Multidrug resistance in Staphylococcus aureus due to overexpression of a novel multidrug and toxin extrusion (MATE) transport protein

Abstract

Efflux is an important mechanism of multidrug resistance (MDR) in bacteria. The multidrug and toxin extrusion (MATE) family is the most recently described group of MDR efflux proteins, none of which have previously been identified in Staphylococcus aureus. Two independently derived S. aureus mutants having efflux-related MDR phenotypes were studied using microarray technology and a marked overexpression of an open reading frame (ORF; mepA) encoding a protein homologous with MATE family proteins was observed in both. There was concomitant overexpression of ORFs in close proximity to mepA (approximately 100 bp) encoding a MarR-type regulator (mepR, upstream of mepA) and a protein of unknown function (mepB, downstream). Experiments in which mepA was overexpressed or disrupted revealed that the encoded protein has a broad substrate profile that includes several monovalent and divalent biocides and the fluoroquinolone antimicrobial agents norfloxacin and ciprofloxacin. The function of MepB is obscure, it does not contribute to the MDR phenotype conferred by MepA. MepR overexpression reversed the MDR phenotypes of both mutants by repressing mepA transcription.
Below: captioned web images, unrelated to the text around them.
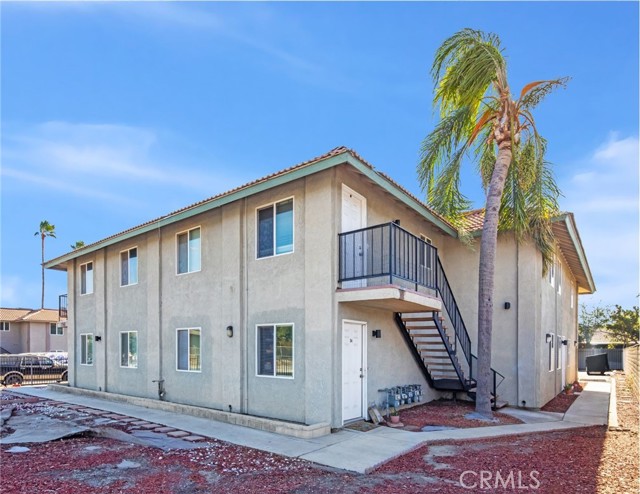 Detail Gallery Image 14 of 41 For 5748 Tilton Ave, Jurupa Valley,  CA 92509 - – Beds | – Baths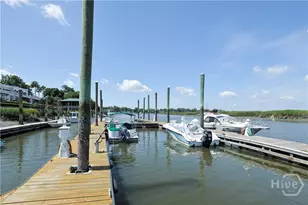 75 Hutchins Ln, Savannah, GA 31410 - Photo 47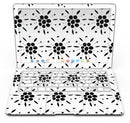 Black_Floral_Pedals_with_Clear_Cacking_-_13_MacBook_Air_-_V5.jpg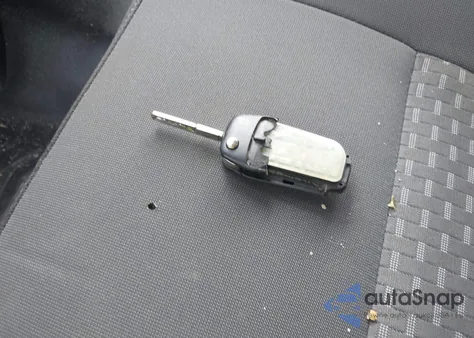 2021 Ford Transit-250 from USA, damaged, VIN 1FTBR1X86MKA51674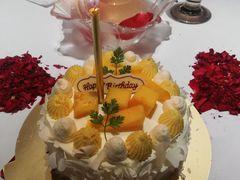 -王品牛排(杭州大厦店)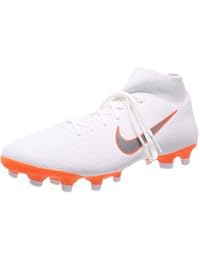 Womens Soccer Shoes | Amazon.com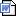 Download this file (ใบเสนอราคาจ้างก่อสร้าง สะพาน ม.2 แพงพวย ด้วยวิธีคัดเลือกงบจังหวัดราชบุรี 68.doc)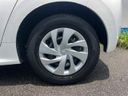 2023 Toyota Yaris 6AA-MXPH10 (UW-6a73fc5c056f5)[11]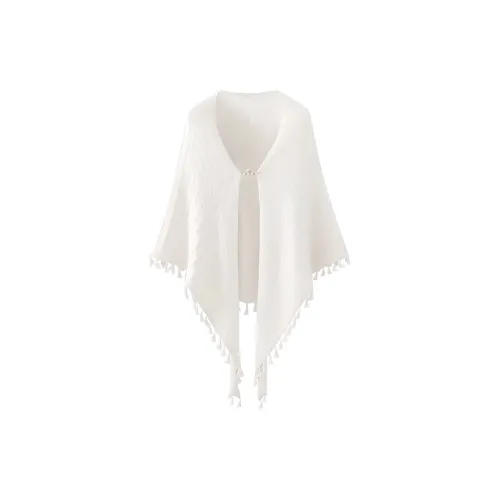 Disney Полиэстер Палантины Женские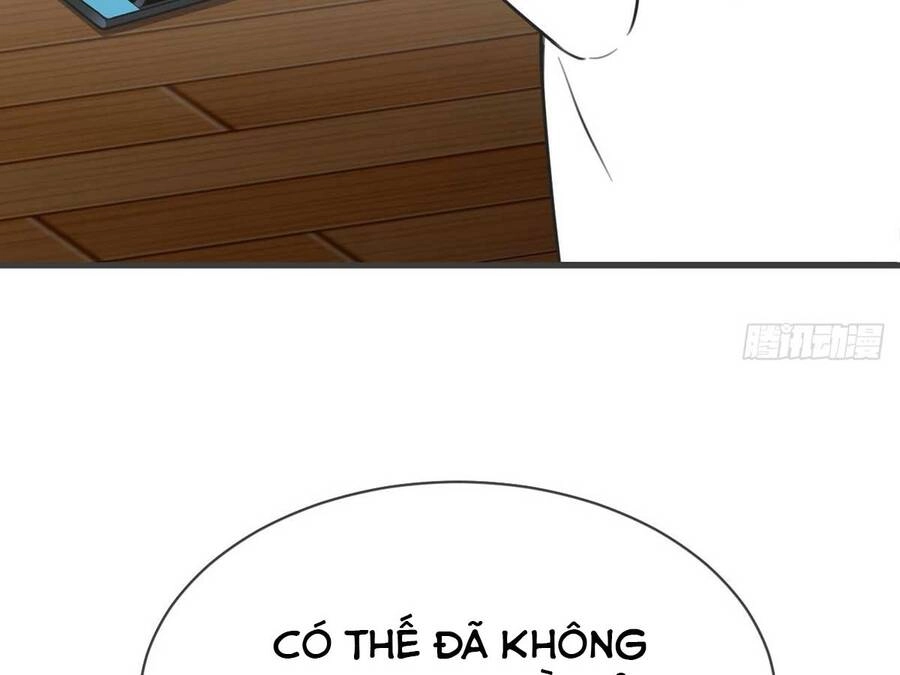 Nghịch Tập Chi Hảo Dựng Nhân Sinh Chapter 187 - 114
All three ORFs are preferentially transcribed as a single mepRAB unit, suggesting that the three genes form an operon.

FIG. 1.

Selected nucleotide sequences of the mepRAB locus. (A) Terminal portion of mepB and flanking DNA. The mepB stop codon is indicated, followed by inverted repeats (A and A', B and B', C and C') that may function as a mepRAB transcription terminator (arrows). (B) Promoter regions of mepR and mepB. Transcription start sites (+1), ribosome binding sites (RBS), and start codons (SC) are shown in boldface type and highlighted with a grey background. Possible −35 and −10 motifs are shown in boldface type and italicized. Two transcription start sites were identified for mepB (+1₁ and + 1₂).

FIG. 2.

MepA-mediated efflux of EtBr. Bars: 1, SA-K1758-P; 2, SA-K1758-P with reserpine (20 μg/ml); 3, SA-K1758-A; 4, SA-K1758-A with reserpine. Results are expressed as percent reduction in fluorescence (means ± standard deviations), which correlates with EtBr efflux, over 5 min.

FIG. 3.

(A) Effect of overexpression of mepR on mepA expression. Lane 1, SA-K2068-P; lane 2, SA-K2068-R; lane 3, SA-K1748-P; lane 4, SA-K1748-R. The negative effect of MepR on mepA expression is clearly evident. (B) Expression of mepRAB. Lane 1, S. aureus NCTC 8325-4; lane 2, SA-K2068; lane 3, SA-K1712; lane 4, SA-K1748.